From: Vlastimil Babka <vbabka@suse.cz>
To: David Wang <00107082@163.com>,
akpm@linux-foundation.org, surenb@google.com, mhocko@suse.com,
jackmanb@google.com, hannes@cmpxchg.org, ziy@nvidia.com
Cc: linux-mm@kvack.org, linux-kernel@vger.kernel.org,
Shakeel Butt <shakeel.butt@linux.dev>
Subject: Re: [PATCH] mm/codetag: sub in advance when free non-compound high order pages
Date: Mon, 5 May 2025 15:12:55 +0200 [thread overview]
Message-ID: <8edbd2be-d495-4bfc-a9f3-6eaae7a66d91@suse.cz> (raw)
In-Reply-To: <20250504061923.66914-1-00107082@163.com>
On 5/4/25 08:19, David Wang wrote:
> When page is non-compound, page[0] could be released by other
> thread right after put_page_testzero failed in current thread,
> pgalloc_tag_sub_pages afterwards would manipulate an invalid
> page for accounting remaining pages:
>
> [timeline] [thread1] [thread2]
> | alloc_page non-compound
> V
> | get_page, rf counter inc
> V
> | in ___free_pages
> | put_page_testzero fails
> V
> | put_page, page released
> V
> | in ___free_pages,
> | pgalloc_tag_sub_pages
> | manipulate an invalid page
> V
> V
>
> Move the tag page accounting ahead, and only account remaining pages
> for non-compound pages with non-zero order.
>
> Signed-off-by: David Wang <00107082@163.com>
Hmm, I think the problem was introduced by 51ff4d7486f0 ("mm: avoid extra
mem_alloc_profiling_enabled() checks"). Previously we'd get the tag pointer
upfront and avoid the page use-after-free.

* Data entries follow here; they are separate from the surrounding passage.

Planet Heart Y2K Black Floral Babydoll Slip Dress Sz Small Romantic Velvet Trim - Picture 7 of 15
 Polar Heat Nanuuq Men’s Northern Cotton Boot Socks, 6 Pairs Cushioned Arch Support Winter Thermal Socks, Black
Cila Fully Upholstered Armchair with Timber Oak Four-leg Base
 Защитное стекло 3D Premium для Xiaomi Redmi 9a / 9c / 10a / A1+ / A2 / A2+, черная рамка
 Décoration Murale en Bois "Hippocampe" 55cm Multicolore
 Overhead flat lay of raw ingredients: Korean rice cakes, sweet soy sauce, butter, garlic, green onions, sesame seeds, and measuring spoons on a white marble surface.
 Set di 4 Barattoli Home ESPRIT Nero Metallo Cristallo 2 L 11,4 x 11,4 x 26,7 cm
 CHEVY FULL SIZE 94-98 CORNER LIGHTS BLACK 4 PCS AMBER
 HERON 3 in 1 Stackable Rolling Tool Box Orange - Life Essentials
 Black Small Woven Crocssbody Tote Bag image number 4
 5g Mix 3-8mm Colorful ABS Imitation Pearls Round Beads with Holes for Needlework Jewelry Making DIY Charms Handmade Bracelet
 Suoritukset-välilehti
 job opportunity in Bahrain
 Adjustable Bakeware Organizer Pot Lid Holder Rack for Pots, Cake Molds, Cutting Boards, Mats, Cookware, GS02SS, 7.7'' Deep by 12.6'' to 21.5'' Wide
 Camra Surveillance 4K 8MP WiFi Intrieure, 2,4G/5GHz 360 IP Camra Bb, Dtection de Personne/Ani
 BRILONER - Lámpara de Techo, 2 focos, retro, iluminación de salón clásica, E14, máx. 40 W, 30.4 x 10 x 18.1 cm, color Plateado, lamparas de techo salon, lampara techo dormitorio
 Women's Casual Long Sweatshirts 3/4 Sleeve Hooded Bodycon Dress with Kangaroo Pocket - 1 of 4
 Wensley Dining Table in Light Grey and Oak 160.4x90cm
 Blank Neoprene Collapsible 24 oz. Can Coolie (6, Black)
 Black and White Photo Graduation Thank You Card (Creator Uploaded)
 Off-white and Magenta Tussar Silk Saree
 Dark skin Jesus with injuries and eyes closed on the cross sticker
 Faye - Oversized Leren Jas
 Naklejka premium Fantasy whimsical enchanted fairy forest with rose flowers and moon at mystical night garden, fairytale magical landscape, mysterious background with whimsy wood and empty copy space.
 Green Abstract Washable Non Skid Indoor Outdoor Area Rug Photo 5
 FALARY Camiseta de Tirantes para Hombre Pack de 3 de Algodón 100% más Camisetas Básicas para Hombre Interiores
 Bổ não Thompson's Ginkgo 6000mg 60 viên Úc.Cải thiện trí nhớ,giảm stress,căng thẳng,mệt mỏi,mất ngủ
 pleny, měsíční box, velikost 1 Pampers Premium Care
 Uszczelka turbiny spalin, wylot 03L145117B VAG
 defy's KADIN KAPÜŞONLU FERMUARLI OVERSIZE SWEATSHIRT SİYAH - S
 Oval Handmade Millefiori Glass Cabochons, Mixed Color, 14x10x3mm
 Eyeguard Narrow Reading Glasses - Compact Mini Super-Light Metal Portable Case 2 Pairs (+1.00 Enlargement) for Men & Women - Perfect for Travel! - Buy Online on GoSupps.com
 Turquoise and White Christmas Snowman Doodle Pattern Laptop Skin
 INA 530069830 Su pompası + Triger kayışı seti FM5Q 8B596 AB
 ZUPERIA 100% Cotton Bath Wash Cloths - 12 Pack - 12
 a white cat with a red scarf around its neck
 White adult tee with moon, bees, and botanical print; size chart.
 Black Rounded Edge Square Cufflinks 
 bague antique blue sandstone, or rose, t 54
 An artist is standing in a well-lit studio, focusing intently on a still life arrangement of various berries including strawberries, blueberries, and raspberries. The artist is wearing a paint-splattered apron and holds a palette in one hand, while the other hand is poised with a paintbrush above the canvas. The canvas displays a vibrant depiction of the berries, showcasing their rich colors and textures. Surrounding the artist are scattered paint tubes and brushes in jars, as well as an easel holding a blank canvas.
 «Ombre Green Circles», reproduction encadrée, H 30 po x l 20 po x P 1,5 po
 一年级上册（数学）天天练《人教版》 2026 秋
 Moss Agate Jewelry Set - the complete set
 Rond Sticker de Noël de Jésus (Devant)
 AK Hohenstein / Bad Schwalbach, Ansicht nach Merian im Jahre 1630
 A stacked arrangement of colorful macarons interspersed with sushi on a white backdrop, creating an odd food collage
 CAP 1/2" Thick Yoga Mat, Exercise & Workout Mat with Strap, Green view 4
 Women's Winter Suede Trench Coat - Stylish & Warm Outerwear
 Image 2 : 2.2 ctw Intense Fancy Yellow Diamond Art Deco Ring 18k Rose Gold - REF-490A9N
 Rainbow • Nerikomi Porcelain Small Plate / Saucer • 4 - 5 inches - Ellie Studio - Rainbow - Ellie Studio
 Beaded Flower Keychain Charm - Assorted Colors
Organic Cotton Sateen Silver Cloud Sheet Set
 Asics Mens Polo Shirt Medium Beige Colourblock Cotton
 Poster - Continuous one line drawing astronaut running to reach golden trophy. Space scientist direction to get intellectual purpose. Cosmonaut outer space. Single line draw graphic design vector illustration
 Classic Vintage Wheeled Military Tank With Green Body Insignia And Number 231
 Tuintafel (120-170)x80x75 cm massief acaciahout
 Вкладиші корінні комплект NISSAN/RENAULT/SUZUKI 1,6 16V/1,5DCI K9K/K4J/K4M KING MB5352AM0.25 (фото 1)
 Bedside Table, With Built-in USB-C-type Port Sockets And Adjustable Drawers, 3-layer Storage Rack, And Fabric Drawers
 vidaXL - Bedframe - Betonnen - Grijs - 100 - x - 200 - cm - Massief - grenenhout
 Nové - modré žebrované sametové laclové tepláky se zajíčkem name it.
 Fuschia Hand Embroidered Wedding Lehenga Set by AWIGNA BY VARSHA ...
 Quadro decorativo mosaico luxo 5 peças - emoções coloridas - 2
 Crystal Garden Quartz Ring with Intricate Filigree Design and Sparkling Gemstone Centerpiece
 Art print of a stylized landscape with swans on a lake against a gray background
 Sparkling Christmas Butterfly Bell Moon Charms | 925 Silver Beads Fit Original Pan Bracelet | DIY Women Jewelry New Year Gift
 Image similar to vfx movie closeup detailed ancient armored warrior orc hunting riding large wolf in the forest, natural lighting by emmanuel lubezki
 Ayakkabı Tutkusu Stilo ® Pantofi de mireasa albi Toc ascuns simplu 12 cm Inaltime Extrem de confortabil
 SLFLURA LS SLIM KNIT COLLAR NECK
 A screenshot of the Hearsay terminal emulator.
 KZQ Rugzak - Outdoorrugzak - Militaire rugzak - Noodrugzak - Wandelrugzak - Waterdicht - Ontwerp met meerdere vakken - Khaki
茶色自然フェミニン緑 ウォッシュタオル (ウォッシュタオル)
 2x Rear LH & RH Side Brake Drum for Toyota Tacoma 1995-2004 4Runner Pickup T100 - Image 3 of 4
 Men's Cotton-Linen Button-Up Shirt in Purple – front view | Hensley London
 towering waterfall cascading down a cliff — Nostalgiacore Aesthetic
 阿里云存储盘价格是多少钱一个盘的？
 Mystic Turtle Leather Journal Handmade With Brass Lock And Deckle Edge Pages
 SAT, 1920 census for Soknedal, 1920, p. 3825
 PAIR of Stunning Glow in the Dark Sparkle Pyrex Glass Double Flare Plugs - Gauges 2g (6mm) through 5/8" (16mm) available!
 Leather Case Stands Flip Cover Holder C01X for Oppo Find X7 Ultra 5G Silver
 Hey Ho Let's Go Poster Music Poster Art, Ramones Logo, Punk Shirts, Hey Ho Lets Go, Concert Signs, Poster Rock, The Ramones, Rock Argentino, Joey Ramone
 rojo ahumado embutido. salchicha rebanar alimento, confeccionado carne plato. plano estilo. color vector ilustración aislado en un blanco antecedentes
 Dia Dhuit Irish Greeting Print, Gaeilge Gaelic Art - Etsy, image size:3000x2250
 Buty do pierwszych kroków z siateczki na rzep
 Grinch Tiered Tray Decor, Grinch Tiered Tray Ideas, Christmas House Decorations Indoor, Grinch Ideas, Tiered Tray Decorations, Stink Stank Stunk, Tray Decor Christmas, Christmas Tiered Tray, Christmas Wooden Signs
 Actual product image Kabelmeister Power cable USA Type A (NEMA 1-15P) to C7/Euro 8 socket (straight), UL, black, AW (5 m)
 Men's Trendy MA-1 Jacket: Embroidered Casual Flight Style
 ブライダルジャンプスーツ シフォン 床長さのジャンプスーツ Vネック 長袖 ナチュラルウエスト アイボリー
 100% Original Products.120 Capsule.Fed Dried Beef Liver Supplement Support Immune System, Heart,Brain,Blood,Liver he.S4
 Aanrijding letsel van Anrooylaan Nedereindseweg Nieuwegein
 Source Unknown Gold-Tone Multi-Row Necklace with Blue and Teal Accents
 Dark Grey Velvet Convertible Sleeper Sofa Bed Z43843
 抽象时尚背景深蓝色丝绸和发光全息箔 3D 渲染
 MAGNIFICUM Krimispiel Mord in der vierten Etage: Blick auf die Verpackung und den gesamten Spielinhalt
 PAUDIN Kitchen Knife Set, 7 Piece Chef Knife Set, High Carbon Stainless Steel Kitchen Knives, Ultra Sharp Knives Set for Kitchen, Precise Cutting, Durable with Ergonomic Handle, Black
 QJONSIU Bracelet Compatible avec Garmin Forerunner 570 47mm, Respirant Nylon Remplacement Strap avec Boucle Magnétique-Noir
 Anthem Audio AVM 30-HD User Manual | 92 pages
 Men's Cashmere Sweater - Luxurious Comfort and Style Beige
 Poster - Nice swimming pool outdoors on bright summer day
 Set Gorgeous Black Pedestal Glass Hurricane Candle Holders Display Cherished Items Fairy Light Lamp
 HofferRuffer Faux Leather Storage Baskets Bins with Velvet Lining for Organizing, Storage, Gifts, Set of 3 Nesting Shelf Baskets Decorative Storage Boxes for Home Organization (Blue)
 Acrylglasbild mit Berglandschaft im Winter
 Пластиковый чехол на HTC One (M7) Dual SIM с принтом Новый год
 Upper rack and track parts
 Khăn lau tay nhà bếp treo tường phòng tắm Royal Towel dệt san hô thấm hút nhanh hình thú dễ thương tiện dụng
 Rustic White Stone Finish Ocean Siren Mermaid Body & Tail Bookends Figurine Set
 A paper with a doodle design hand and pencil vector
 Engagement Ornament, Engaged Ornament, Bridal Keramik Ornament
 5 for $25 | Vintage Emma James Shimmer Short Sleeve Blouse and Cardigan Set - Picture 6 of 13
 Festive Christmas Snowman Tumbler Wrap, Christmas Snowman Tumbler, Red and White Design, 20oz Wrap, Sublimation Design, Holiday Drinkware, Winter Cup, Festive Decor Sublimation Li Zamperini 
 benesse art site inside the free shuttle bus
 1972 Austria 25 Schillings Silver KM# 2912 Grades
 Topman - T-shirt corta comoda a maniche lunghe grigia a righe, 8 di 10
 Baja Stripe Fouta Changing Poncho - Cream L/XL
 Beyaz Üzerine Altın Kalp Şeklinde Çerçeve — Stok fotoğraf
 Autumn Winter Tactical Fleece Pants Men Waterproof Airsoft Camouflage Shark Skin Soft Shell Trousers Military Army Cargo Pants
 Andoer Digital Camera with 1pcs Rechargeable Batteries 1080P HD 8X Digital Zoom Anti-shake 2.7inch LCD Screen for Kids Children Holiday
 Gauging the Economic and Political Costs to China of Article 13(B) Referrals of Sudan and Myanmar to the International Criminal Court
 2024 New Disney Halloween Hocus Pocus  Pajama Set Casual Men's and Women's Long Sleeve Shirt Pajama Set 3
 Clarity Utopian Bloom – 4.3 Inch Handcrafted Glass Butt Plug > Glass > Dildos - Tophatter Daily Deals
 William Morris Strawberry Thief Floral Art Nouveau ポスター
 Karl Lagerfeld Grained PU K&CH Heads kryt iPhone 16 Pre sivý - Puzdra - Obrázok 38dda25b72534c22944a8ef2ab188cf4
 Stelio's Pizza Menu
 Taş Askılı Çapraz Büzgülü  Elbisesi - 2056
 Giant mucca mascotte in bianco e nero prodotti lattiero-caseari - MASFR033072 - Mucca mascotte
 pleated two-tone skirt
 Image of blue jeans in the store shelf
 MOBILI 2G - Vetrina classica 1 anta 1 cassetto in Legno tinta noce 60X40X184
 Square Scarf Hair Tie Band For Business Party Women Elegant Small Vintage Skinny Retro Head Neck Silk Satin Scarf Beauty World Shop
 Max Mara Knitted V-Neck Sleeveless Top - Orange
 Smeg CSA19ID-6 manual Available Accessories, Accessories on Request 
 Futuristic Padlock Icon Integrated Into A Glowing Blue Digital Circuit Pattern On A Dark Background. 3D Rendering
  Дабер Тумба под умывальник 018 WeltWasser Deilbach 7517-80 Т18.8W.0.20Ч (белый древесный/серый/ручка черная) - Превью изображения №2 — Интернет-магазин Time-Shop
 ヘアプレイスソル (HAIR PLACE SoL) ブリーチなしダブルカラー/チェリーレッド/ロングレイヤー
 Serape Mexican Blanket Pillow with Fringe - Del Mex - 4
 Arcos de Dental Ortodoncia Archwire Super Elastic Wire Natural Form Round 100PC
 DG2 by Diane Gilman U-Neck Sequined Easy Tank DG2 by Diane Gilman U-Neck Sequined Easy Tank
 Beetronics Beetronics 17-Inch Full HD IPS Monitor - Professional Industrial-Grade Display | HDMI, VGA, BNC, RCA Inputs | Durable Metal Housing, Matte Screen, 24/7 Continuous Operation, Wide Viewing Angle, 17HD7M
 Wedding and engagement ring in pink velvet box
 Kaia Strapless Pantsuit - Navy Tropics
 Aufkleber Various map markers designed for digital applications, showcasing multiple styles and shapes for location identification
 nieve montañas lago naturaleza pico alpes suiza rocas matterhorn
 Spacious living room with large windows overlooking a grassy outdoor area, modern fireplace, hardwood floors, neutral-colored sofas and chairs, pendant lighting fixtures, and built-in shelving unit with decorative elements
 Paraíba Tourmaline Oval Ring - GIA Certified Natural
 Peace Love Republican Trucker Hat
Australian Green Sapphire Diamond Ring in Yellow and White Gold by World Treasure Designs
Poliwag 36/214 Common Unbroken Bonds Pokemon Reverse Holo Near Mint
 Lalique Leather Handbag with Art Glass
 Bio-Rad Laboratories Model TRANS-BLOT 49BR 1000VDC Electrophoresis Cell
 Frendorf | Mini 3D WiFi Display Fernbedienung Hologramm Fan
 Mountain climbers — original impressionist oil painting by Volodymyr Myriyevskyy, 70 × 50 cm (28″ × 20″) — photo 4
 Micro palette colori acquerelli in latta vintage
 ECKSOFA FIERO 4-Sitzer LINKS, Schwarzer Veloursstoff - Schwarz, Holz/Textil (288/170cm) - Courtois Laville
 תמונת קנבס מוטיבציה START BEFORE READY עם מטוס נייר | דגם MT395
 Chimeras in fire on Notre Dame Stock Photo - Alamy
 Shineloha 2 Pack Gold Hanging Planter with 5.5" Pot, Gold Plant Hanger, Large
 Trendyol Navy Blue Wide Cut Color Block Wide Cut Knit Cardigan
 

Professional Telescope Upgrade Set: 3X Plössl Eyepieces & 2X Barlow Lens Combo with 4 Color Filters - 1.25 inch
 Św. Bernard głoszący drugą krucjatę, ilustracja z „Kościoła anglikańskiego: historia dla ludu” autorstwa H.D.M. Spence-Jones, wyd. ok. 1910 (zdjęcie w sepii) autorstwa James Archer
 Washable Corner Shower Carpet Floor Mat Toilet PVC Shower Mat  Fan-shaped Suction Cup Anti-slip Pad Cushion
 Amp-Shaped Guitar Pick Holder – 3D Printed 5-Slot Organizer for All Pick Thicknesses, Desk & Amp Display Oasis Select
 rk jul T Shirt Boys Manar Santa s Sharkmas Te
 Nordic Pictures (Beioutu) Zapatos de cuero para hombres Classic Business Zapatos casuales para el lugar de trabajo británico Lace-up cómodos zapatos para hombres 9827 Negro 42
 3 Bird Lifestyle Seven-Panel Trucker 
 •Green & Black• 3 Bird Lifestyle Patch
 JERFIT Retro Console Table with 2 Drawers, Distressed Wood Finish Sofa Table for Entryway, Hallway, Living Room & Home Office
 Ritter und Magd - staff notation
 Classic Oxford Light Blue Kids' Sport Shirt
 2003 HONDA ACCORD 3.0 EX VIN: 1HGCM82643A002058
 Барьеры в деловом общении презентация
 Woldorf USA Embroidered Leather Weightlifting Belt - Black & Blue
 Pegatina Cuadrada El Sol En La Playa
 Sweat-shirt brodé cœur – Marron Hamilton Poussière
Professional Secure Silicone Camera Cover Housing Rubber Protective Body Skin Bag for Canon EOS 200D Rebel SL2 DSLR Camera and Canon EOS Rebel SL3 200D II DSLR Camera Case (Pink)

It would likely be nicer to fix it by going back to that approach for
___free_pages(), while hopefully keeping the optimisations of 51ff4d7486f0
for the other call sites where it applies?
> ---
> mm/page_alloc.c | 36 +++++++++++++++++++++++++++++++++---
> 1 file changed, 33 insertions(+), 3 deletions(-)
>
> diff --git a/mm/page_alloc.c b/mm/page_alloc.c
> index 5669baf2a6fe..c42e41ed35fe 100644
> --- a/mm/page_alloc.c
> +++ b/mm/page_alloc.c
> @@ -1163,12 +1163,25 @@ static inline void pgalloc_tag_sub_pages(struct page *page, unsigned int nr)
> this_cpu_sub(tag->counters->bytes, PAGE_SIZE * nr);
> }
>
> +static inline void pgalloc_tag_add_pages(struct page *page, unsigned int nr)
> +{
> + struct alloc_tag *tag;
> +
> + if (!mem_alloc_profiling_enabled())
> + return;
> +
> + tag = __pgalloc_tag_get(page);
> + if (tag)
> + this_cpu_add(tag->counters->bytes, PAGE_SIZE * nr);
> +}
> +
> #else /* CONFIG_MEM_ALLOC_PROFILING */
>
> static inline void pgalloc_tag_add(struct page *page, struct task_struct *task,
> unsigned int nr) {}
> static inline void pgalloc_tag_sub(struct page *page, unsigned int nr) {}
> static inline void pgalloc_tag_sub_pages(struct page *page, unsigned int nr) {}
> +static inline void pgalloc_tag_add_pages(struct page *page, unsigned int nr) {}
>
> #endif /* CONFIG_MEM_ALLOC_PROFILING */
>
> @@ -5065,11 +5078,28 @@ static void ___free_pages(struct page *page, unsigned int order,
> {
> /* get PageHead before we drop reference */
> int head = PageHead(page);
> + /*
> + * For remaining pages other than the first page of
> + * a non-compound allocation, we decrease its tag
> + * pages in advance, in case the first page is released
> + * by other thread inbetween our put_page_testzero and any
> + * accounting behavior afterwards.
> + */
> + unsigned int remaining_tag_pages = 0;
>
> - if (put_page_testzero(page))
> + if (order > 0 && !head) {
> + if (unlikely(page_ref_count(page) > 1)) {
> + remaining_tag_pages = (1 << order) - 1;
> + pgalloc_tag_sub_pages(page, remaining_tag_pages);
> + }
> + }
> +
> + if (put_page_testzero(page)) {
> + /* no need special treat for remaining pages, add it back. */
> + if (unlikely(remaining_tag_pages > 0))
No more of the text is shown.